マディソン郡の橋

1995年作品
監督 クリント・イーストウッド 出演 クリント・イーストウッドメリル・ストリープ
(あらすじ)
アイオワ州の片田舎の農場に住んでいるフランチェスカメリル・ストリープ)は、まじめな夫のリチャードとそろそろ言うことを聞かなくなってきた二人の子どもとの四人暮らし。夫と子ども達がイリノイ州で開かれる家畜の品評会に泊まりがけで出掛けることになり、一人で留守番をしていたある日、ローズマン橋へ行く途中に道に迷ったという一人の男性が彼女の農場を訪ねてくる….


クリント・イーストウッドメリル・ストリープの共演で大ヒットしたメロドラマ。

とても有名な作品であり、長年、一度くらいは見ておかなければいけないと思っていたのだが、中年の男女による不倫がテーマということでなかなかその気になれず、実に公開から20年が経過してようやく鑑賞の運びとなった。

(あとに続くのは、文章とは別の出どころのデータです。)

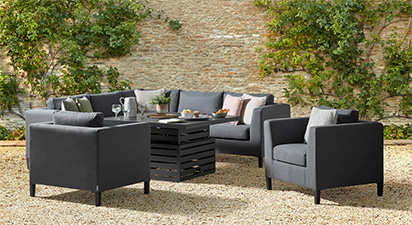 Birkin 1L - Corner Sofa with Square Rising Table and Armchairs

さて、案の定というか、ヒロインのフランチェスカとその浮気相手であるロバート・キンケイド(クリント・イーストウッド)とのラブシーンからはロマンチックな雰囲気を感じ取ることは出来なかったものの、脚本が上手いので結構楽しめる。おそらく、主人公たちよりも若い年齢のときに見ていたら、その前に体が拒否反応を示してしまった可能性が高いが、まあ、これも年を取ったことのメリットの一つなのかもしれない。

特に面白かったのが、終盤、フランチェスカがロバートに別れを告げるときのセリフであり、まるで「カサブランカ(1942年)」のラストでボギーがバーグマンに告げた決めゼリフの“僕たちにはいつもパリ(の思い出)がある”の女バージョンみたい。まあ、家族に対する責任感と言っても良いのだろうが、素晴らしい体験が罪悪感によって蝕まれていくことを防ぐための大人の知恵でもあるのだろう。

それにしても、メリル・ストリープの太い二の腕と自分自身の禿げあがった前頭部の組合せでも立派にメロドラマとして成立することを証明して見せたクリント・イーストウッドの監督としての自信は見上げたものであり、人間としての弱さでは無く、むしろ逞しさを感じさせる作品になっていた。

ということで、この作品を鑑賞している最中、いつの間にか妻に浮気されてしまう夫のリチャードの立場から本作を眺めている自分を発見して思わず苦笑。前頭部の髪の毛の量では間違いなくこちらがリードしているものの、さすがに相手がイーストウッドとあっては全く敵う気がしませんでした。